Section 449 of the Restatement Second of Torts provides:
If the likelihood that a person may act in a particular manner is the hazard or one of the hazards which makes the actor negligent, such an act whether innocent, intentionally tortious, or criminal does not prevent the actor from being liable for harm caused thereby. 6
*773 We are advised to read Section 449 in conjunction with Restatement Second of Torts Section 302B, which reads:
An act or omission may be negligent if the actor realizes or should realize that it involves an unreasonable risk of harm to another through the conduct of the other or a third person which is intended to cause harm, even though such conduct is criminal. 7
The comments to Section 302B bear directly on this case:
There are, however, situations in which the actor, as a reasonable man, is required to anticipate and guard against the intentional, or even criminal, misconduct of others. In general, these situations arise where the actor is under a special responsibility toward the one who suffers the harm, which includes the duty to protect him against such intentional misconduct; or where the actor’s own affirmative act has created or exposed the other to a recognizable high degree of risk of harm through such misconduct, which a reasonable man would take into account. [For example]
Where the actor’s own affirmative act is intended or likely to defeat a protection which the other has placed around his person or property for the purpose of guarding them from intentional interference.
Comment e.
The law has traditionally recognized the privacy of an individual in their home. Simply because apartments, which have become commonplace in modern living, are grouped together in a common building does not lessen the privacy interest that attaches to a person’s home. Locks are placed on doors to ensure privacy. They insure that unwanted visitors and solicitors can be ex-eluded when the occupant wishes to be alone. They are significant in guaranteeing personal safety and the security of possessions.
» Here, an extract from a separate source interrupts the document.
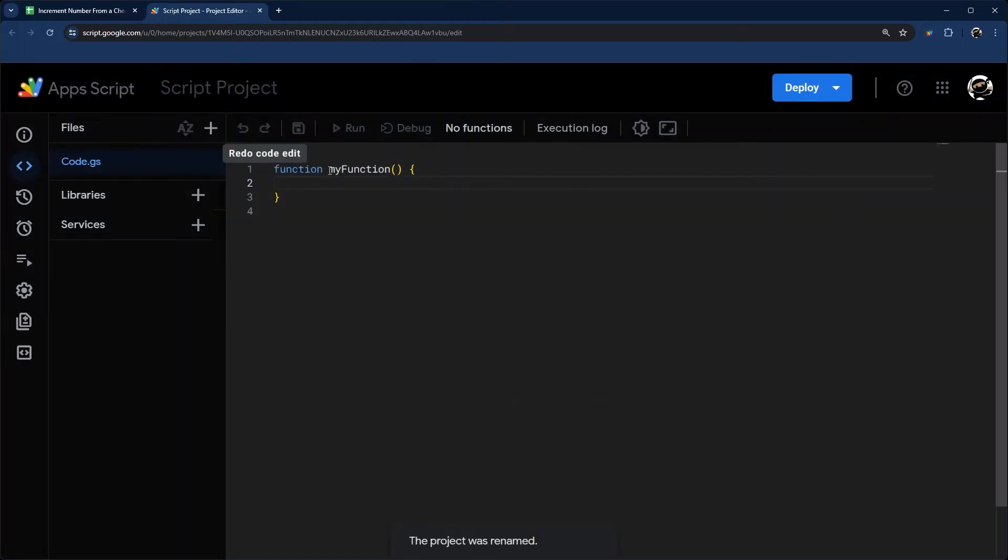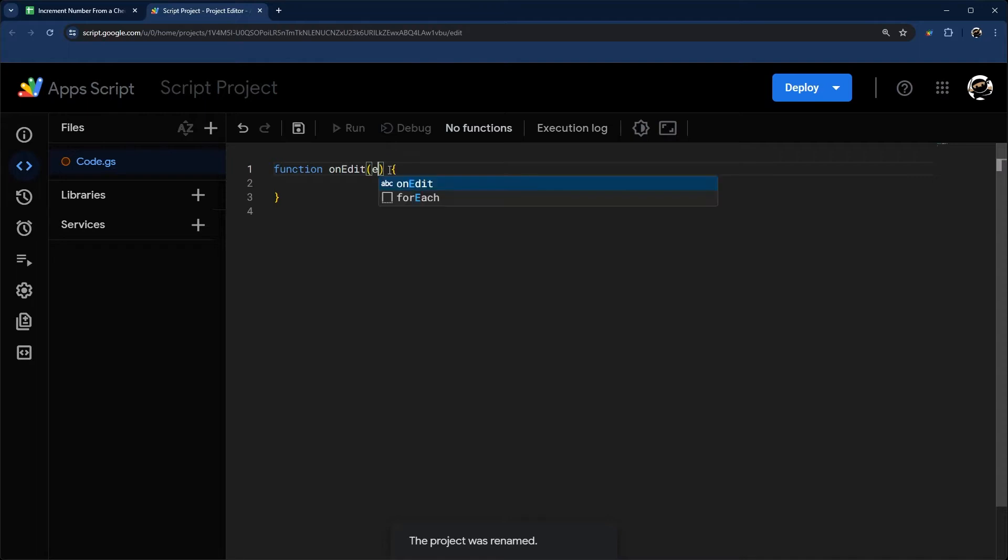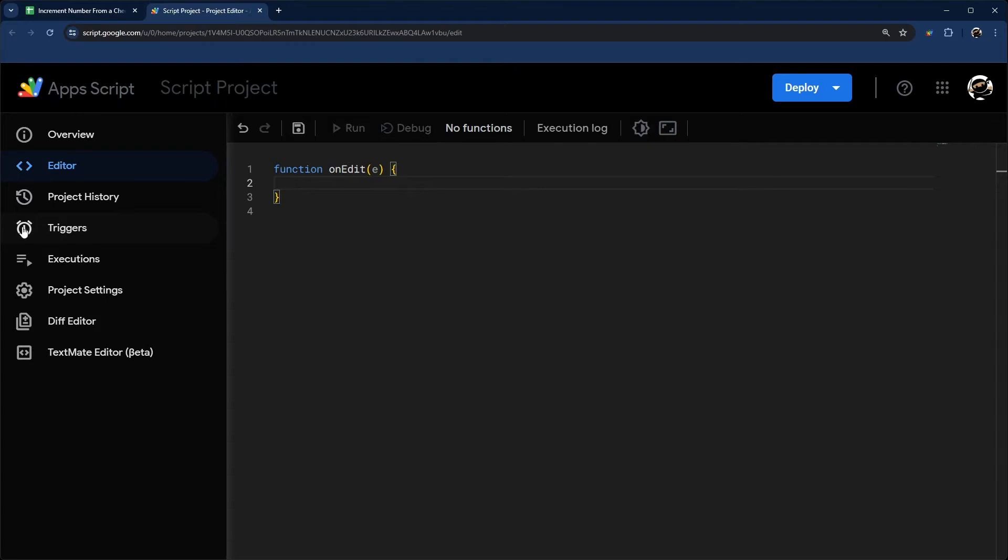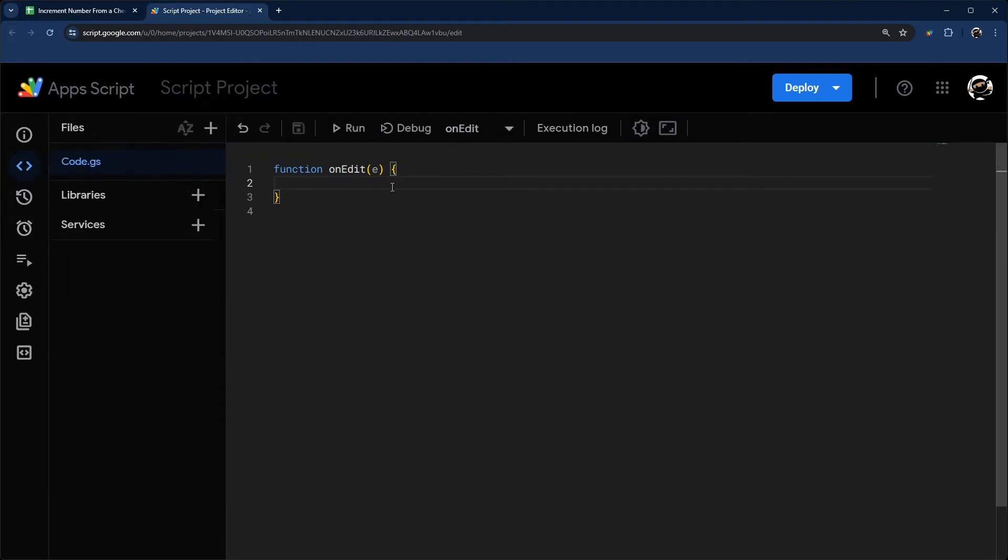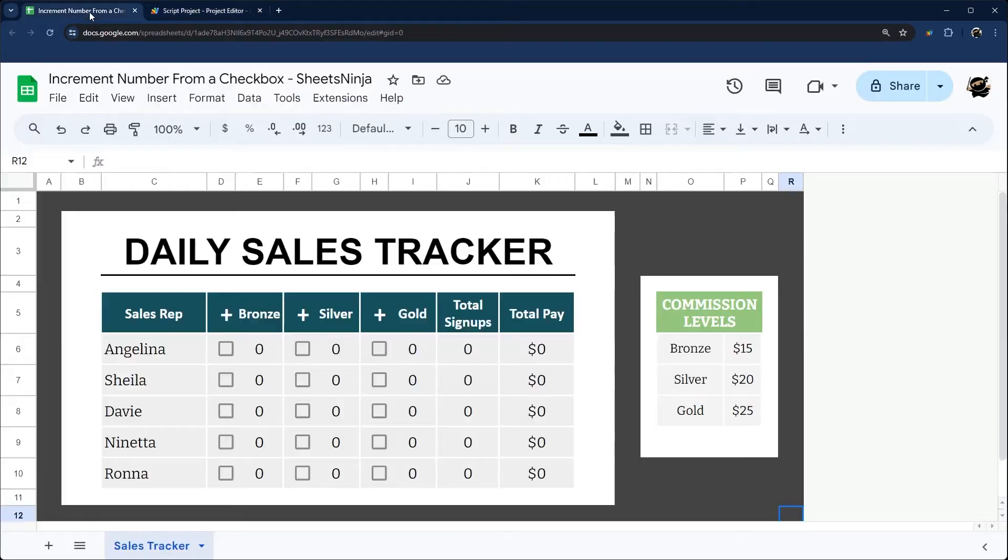What we're going to use is called onEdit. This is a simple trigger, so I don't have to install anything under the triggers over here. This will just run whenever the sheet is edited. This E in here is called the event object and it just captures some data from what we just did.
It is with the understanding that they will receive shelter and protection that people rent apartments, and in renting apartments, landlords undertake not to interfere with these expectations except in authorized ways.
See Kendall v. Gore Properties,
Group living requires that a number of compromises be made regarding the absolute privacy of the home. For example, in order to provide for the safety of others and maintenance of the facilities apartment managers often have master keys in order to access apartments. However, this does not lessen the privacy interest held by the tenant.
In fact, the Kansas legislature has placed express limitations upon a landlord’s right to enter a dwelling. K.S.A. 58-2567 establishes that:
(a) The landlord shall have the right to enter the dwelling unit at reasonable hours, after reasonable notice to the tenant, in order to inspect the premises, make necessary or agreed repairs, decorations, alterations or improvements, supply necessary or agreed services, or exhibit the dwelling unit to prospective or actual purchasers, mortgagees, tenants, workmen or contractors.
(b) The Landlord may enter the dwelling without consent of the tenant in case of an extreme hazard involving the potential loss of life or severe property damage.
*774 (c) The landlord shall not abuse the right of access or use it to harass the tenant.
This statute underscores the privacy of the tenant. The landlord is only authorized to enter for limited purposes and is only allowed nonconsensual entry for extreme reasons. Although not specifically mentioned, the landlord’s authority to allow others access to dwellings can be assumed to carry, at a minimum, the same restrictions. These restrictions are imposed to guarantee the safety of the tenants, the security of their possessions, and their privacy in the home.
In the instant case, the injury was of the type that the landlord-tenant relationship and the locks on the plaintiffs door were meant to protect against.
See, e.g., Lay v. Dworman,
Accordingly, under Kansas law, as well as Sections 448 and 449 of the Restatement Second of Torts, a jury might find Dixon’s actions to have been the proximate cause of the plaintiffs injury. Therefore summary judgment was inappropriate.
CONCLUSION
For the foregoing reasons, we hold that the trial court’s grant of summary judgment was erroneous. Accordingly, we REVERSE and REMAND for further proceedings not inconsistent with this opinion.
Notes
. This action was based on diversity jurisdiction, and consequently we apply Kansas law.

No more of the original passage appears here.